In this photo from Jan. 23, 2014, Jazzline director Jocelyn Shiro, right, rehears a duet with Wil Roedl in Homer, Alaska. The annual Jazzline comes out of an ensemble that could be called a mini-Nutcracker Ballet. It's the same idea. (AP Photo/Homer News, Michael Armstrong)

Jazzline encourages young Homer dancers to learn

HOMER, Alaska (AP) — Homer junkyards can be notorious for the odd stuff one might find buried under blue tarps — vintage Subaru parts, wringer washing machines or a world’s collection of buoys. Dig around in an artist’s yard, though, and there’s no telling what you can find.

So when Jazzline director Jocelyn Shiro needed an egg for the 2014 Jazzline, performed Friday and Saturday, where better to go than to artist Leo Vait’s yard? Shiro is the local choreographic genius who not only creates the annual winter showcase of dance, but turns women, men, girls and boys who might never have danced before into living sculptures. Last year sadness and mourning inspired the theme of her show.

“This year, it’s all about new beginnings,” she said. “My whole theme has to do with eggs.”

Shiro put the word out that she needed an egg as a set piece for Jazzline, and not just any egg. She wanted a sculptural egg. Artist Judy Wynn said, “Call Leo Vait. I think he might have an egg in storage.” Shiro asked Vait, and he said, sure, he happened to have a 30-year-old fiberglass egg in his yard that he’d created for a Lynn Roff dance performance.

Covered in moss, blackened with mold, but with a little work, Vait’s egg cleaned up nice.

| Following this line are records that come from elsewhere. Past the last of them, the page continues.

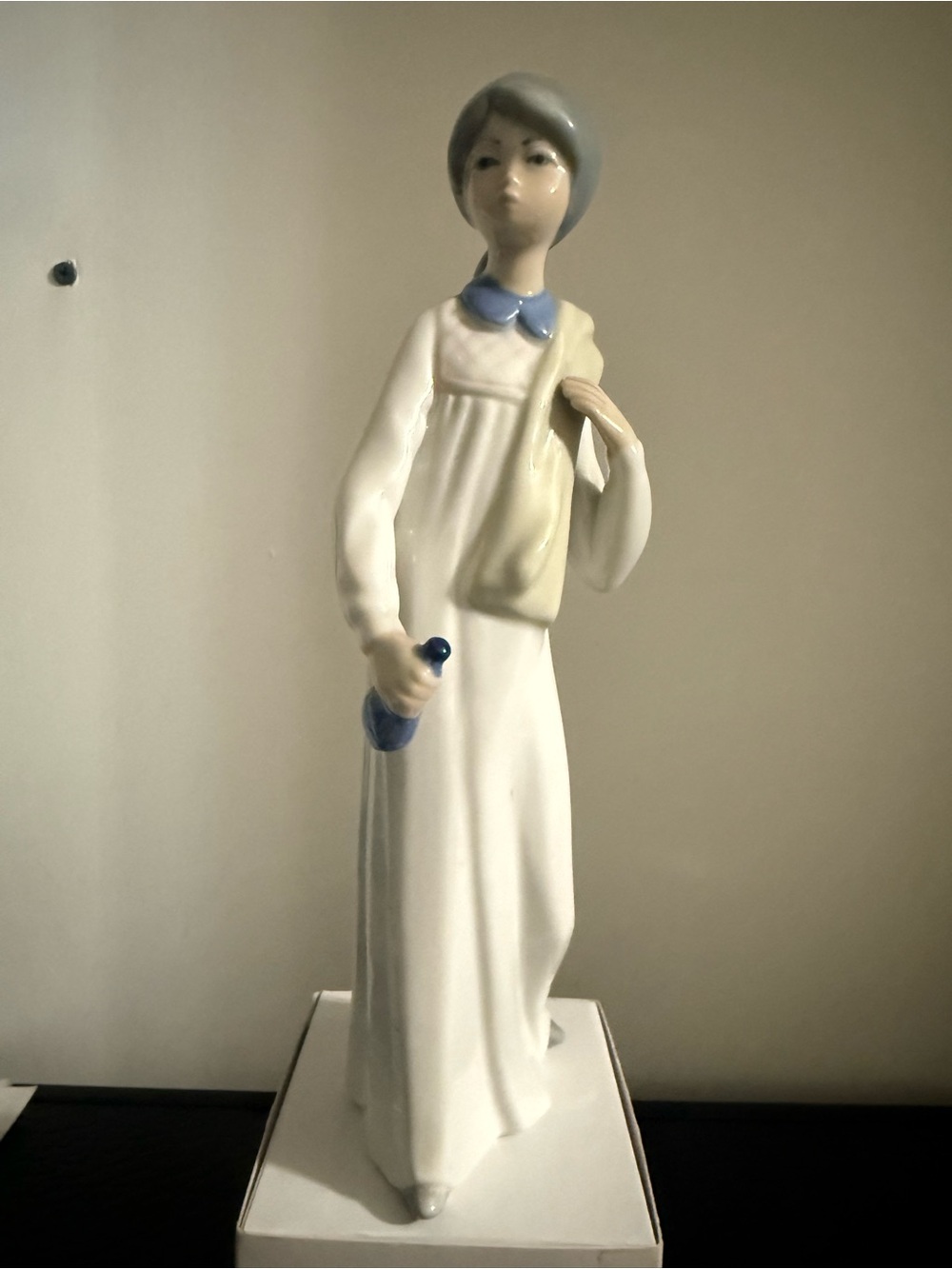 Porcelain Figurine Girl in White and Blue Casades name under.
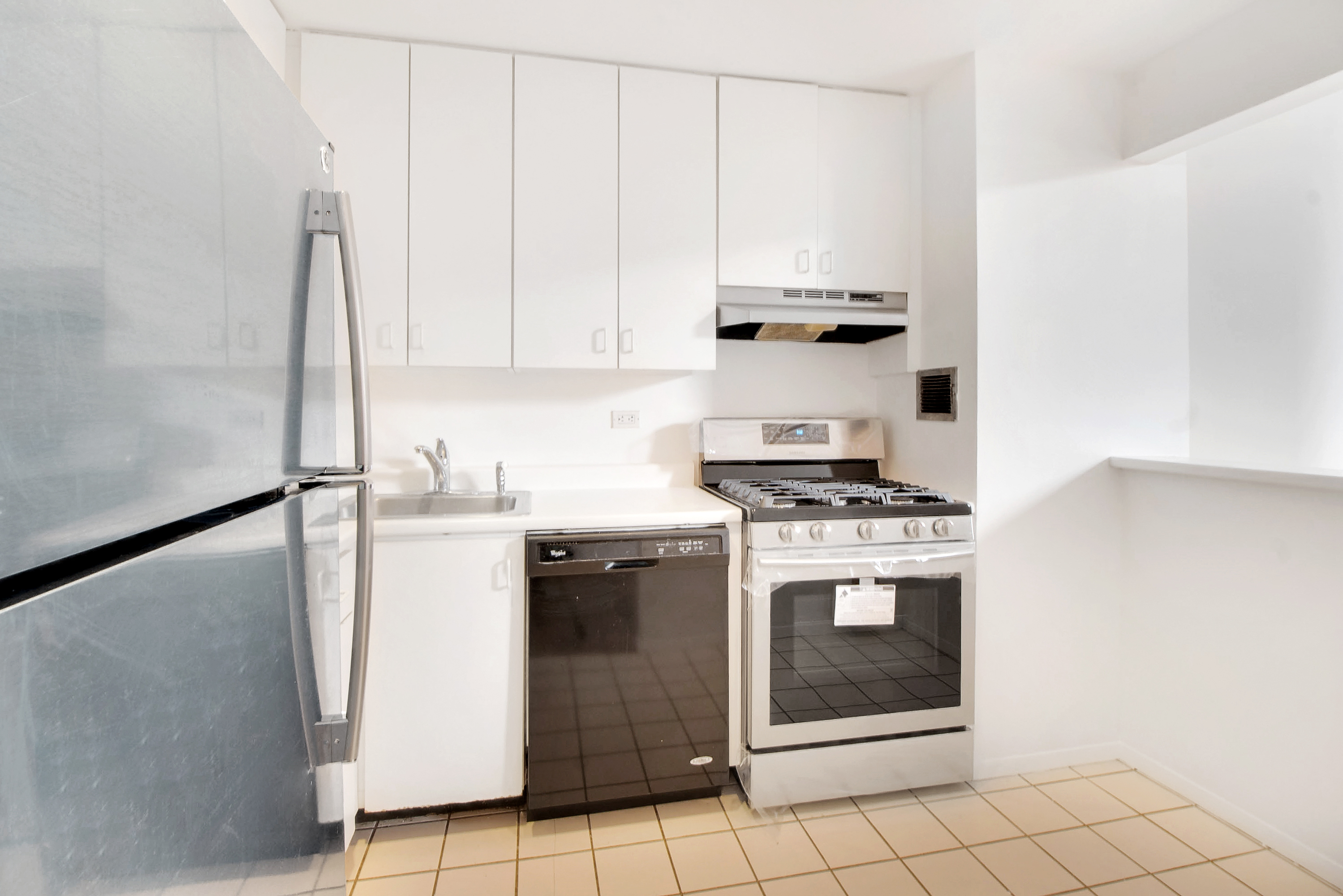 1255 5th Avenue, Unit 5J Manhattan, NY 10029 - Photo 9 of 17 a kitchen with appliances cabinets and a sink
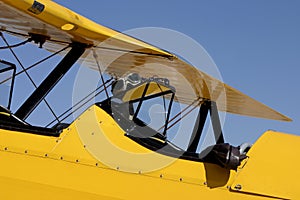 Yellow Biplane Cockpit with Flight Goggles and Bomber Jacket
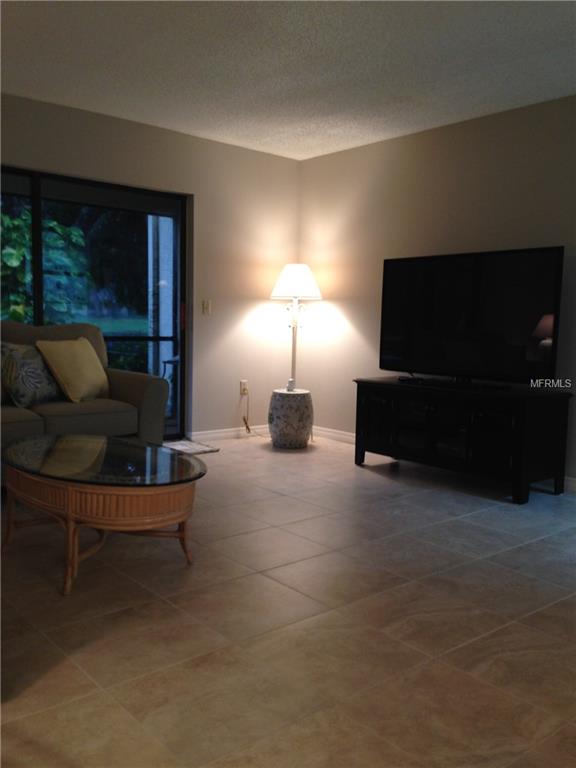 Living room with tiled floor and TV.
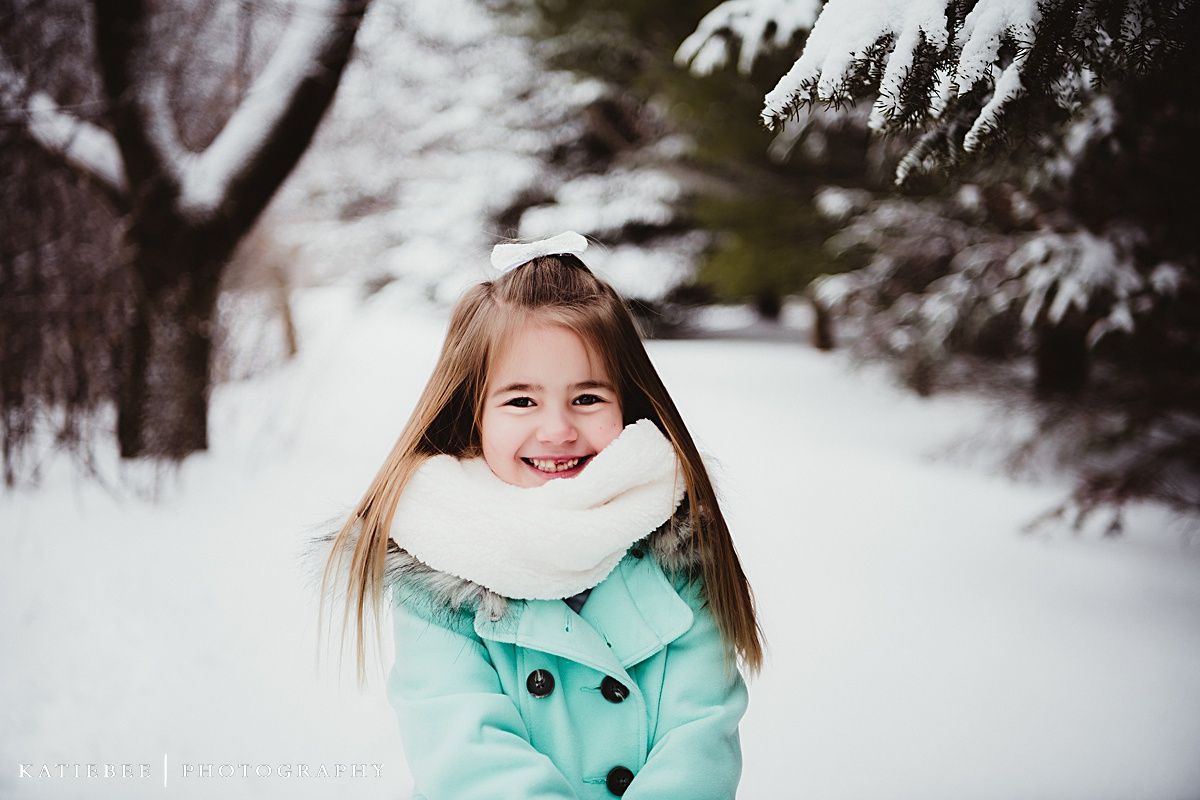 Young individual in mint green coat and white scarf smiling in snowy winter landscape.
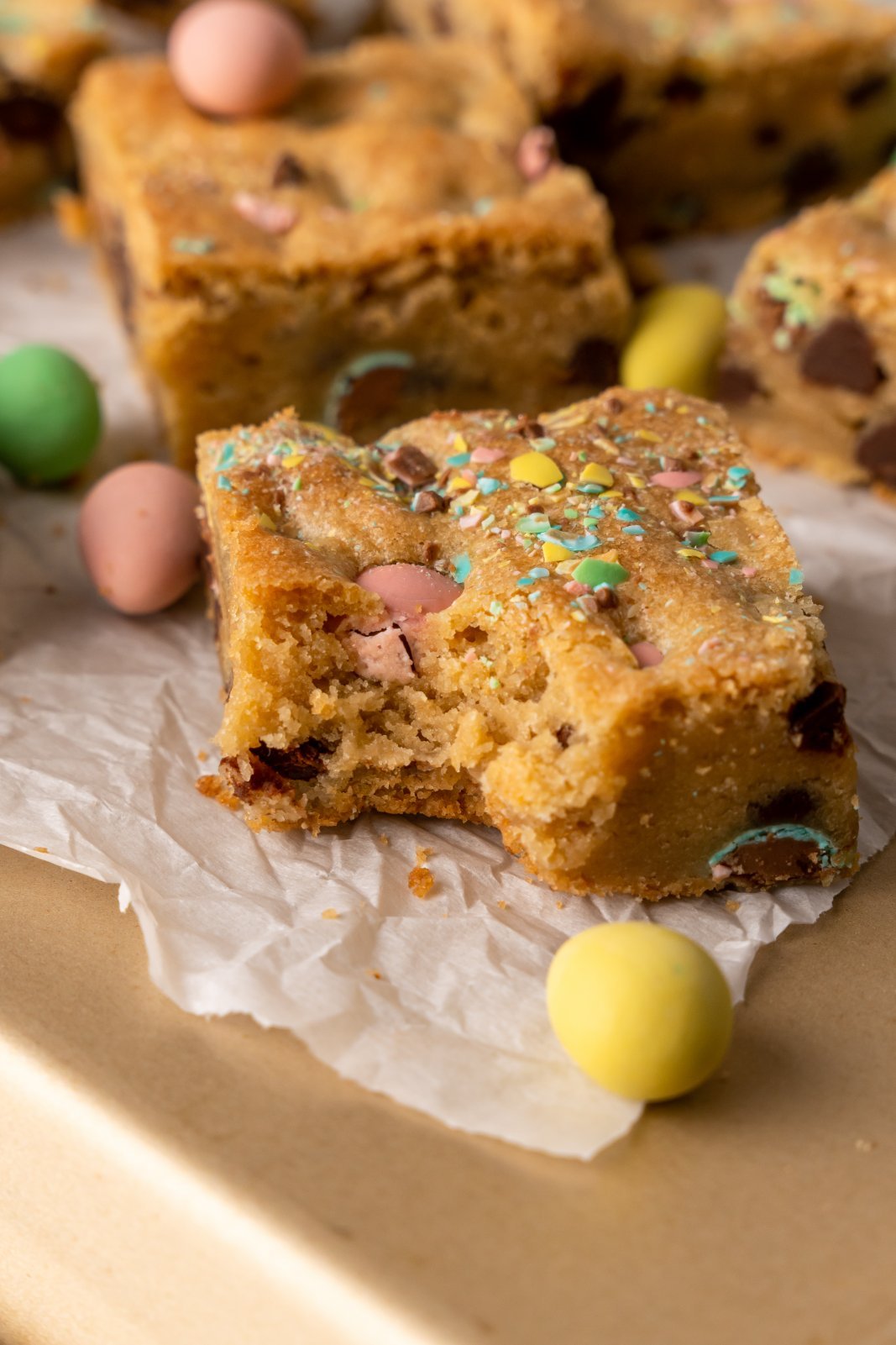 a close up of a mini egg cookie bar with a bite taken out of it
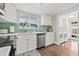 Charming kitchen featuring stainless steel appliances and light countertops, conveniently located next to the laundry area at 2710 2Nd N Ave, St Petersburg, FL 33713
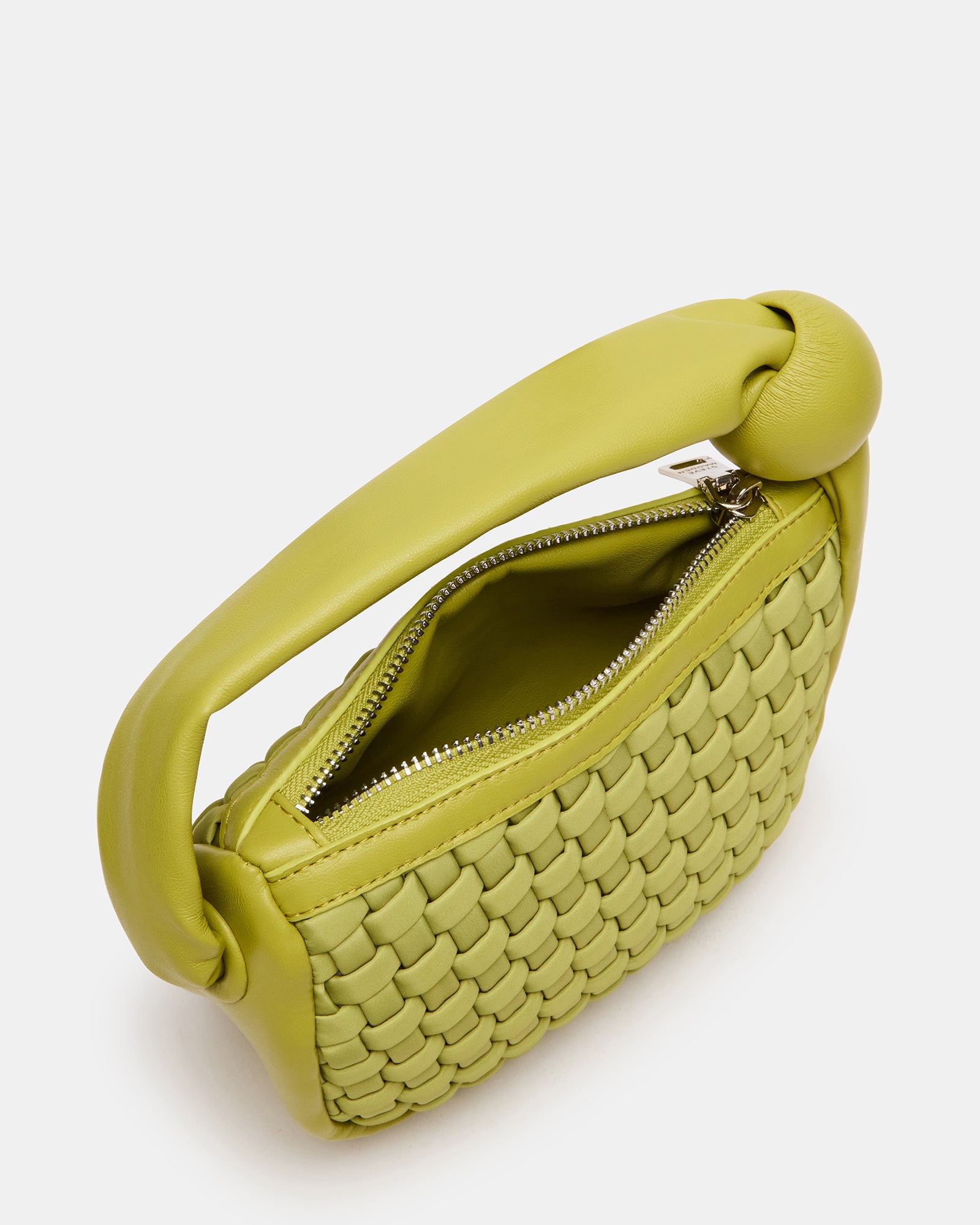 Close-up of the woven leather tote handbag showcasing the zipper closure.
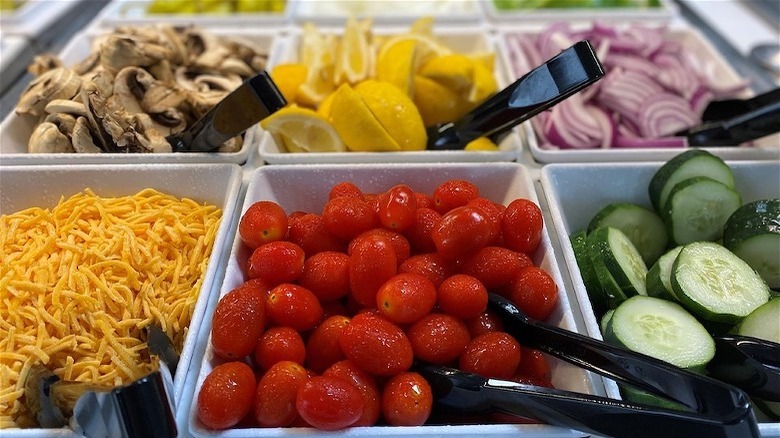 salad bar with food sections 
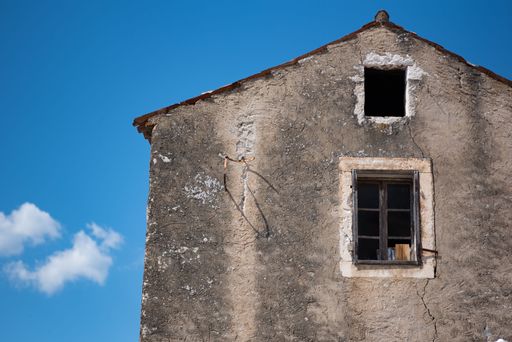 A closeup shot of an old, abandoned house with blue sky in the background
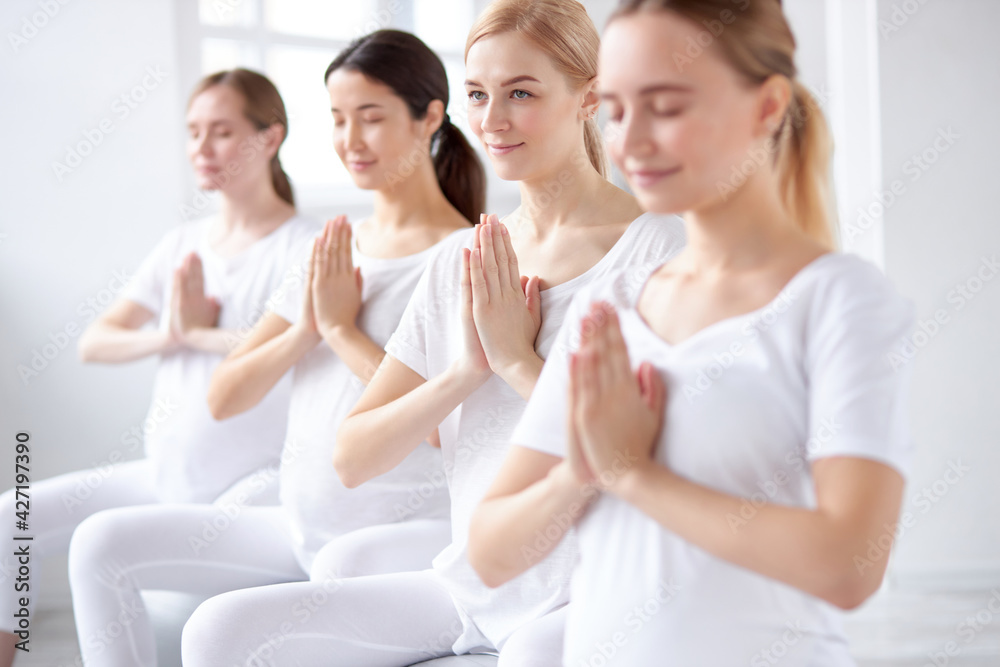 Gravid Women Sitting on Fitball In Yoga Pose, Preparing To Become Mother Gravid Women Sitting on Fitball In Yoga Pose, Preparing To Become Mother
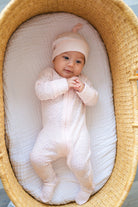 Baby in a pink outfit and hat lying in a woven basket with white bedding.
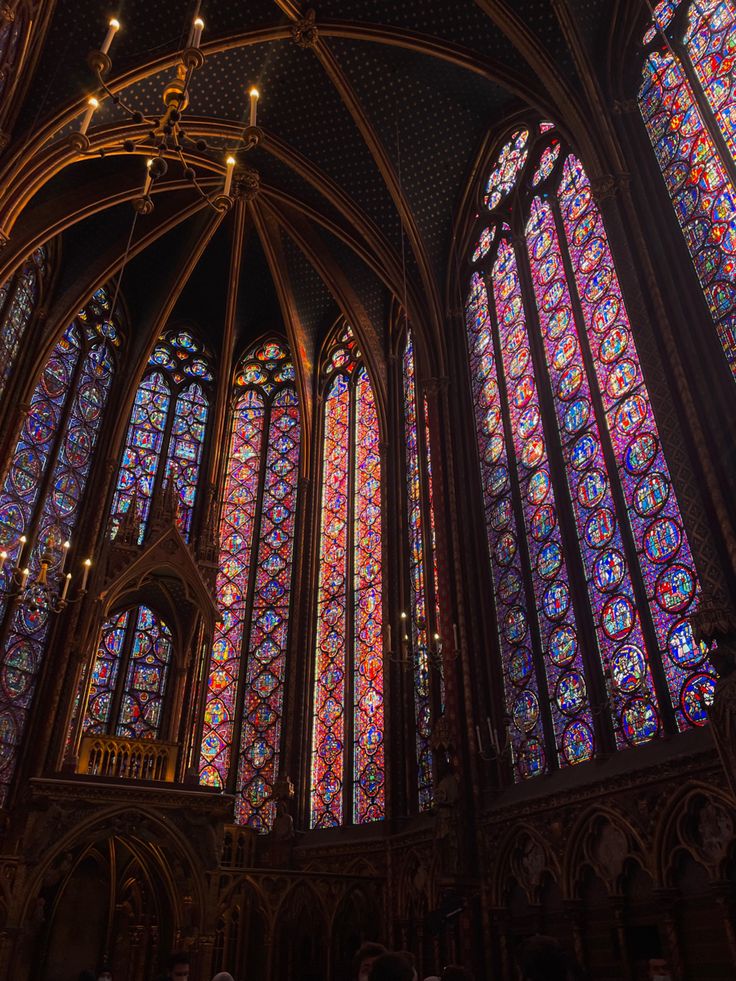 the inside of a cathedral with many stained glass windows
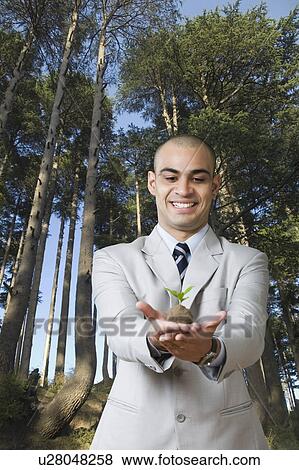 Stock Photo - Businessman holding a sapling and smiling. Fotosearch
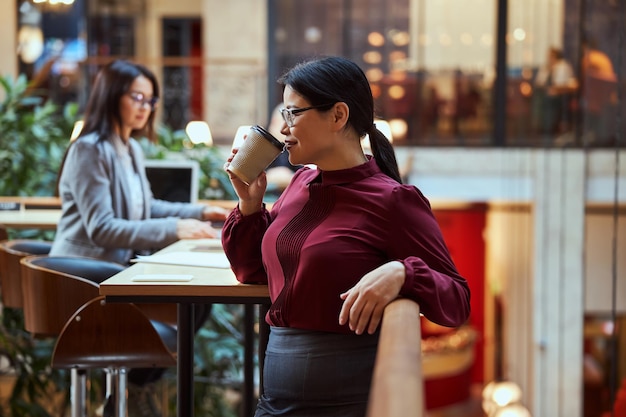 Foto morena atractiva joven disfrutando de su café de aroma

The “before” egg is the one on the Jazzline poster, with Shiro tucked inside it like a chick ready to hatch. “All the king’s horses and all the king’s men,” Leo called himself.

“It’s so beautiful, it gives me chills,” Shiro said of the finished product.

The annual Jazzline comes out of an ensemble that could be called a mini-Nutcracker Ballet. It’s the same idea. Encourage young dancers to learn and help them keep up with dance. This year, Jazzline has a solid group of middle school students.

“They’re like athletes,” Shiro said. “They have stuck with it, not only because they enjoy it, but they feel like dance has made them comfortable in their bodies as they have gone through major growth spurts and helped them with other sports.”

At the other end is a core group of adult women — Lisa Nordstrom, Maura Jones, Miranda Weiss, Wynn Levitt and new member Anne Gittenger. Gittenger, alas, broke her foot recently and Shiro had to scramble to rearrange some choreography and teach Jones her role.

In between the young and mature are Jazzline’s teenage boys and girls, including three girls who have never done modern dance, but have done ballet. Max Mangue, an exchange student from Mozambique, is adding dance to his Alaska experience. In rehearsal, the boys acted like goofy guys, clowning around before the music started, but on stage they were all business — fluid, graceful and strong.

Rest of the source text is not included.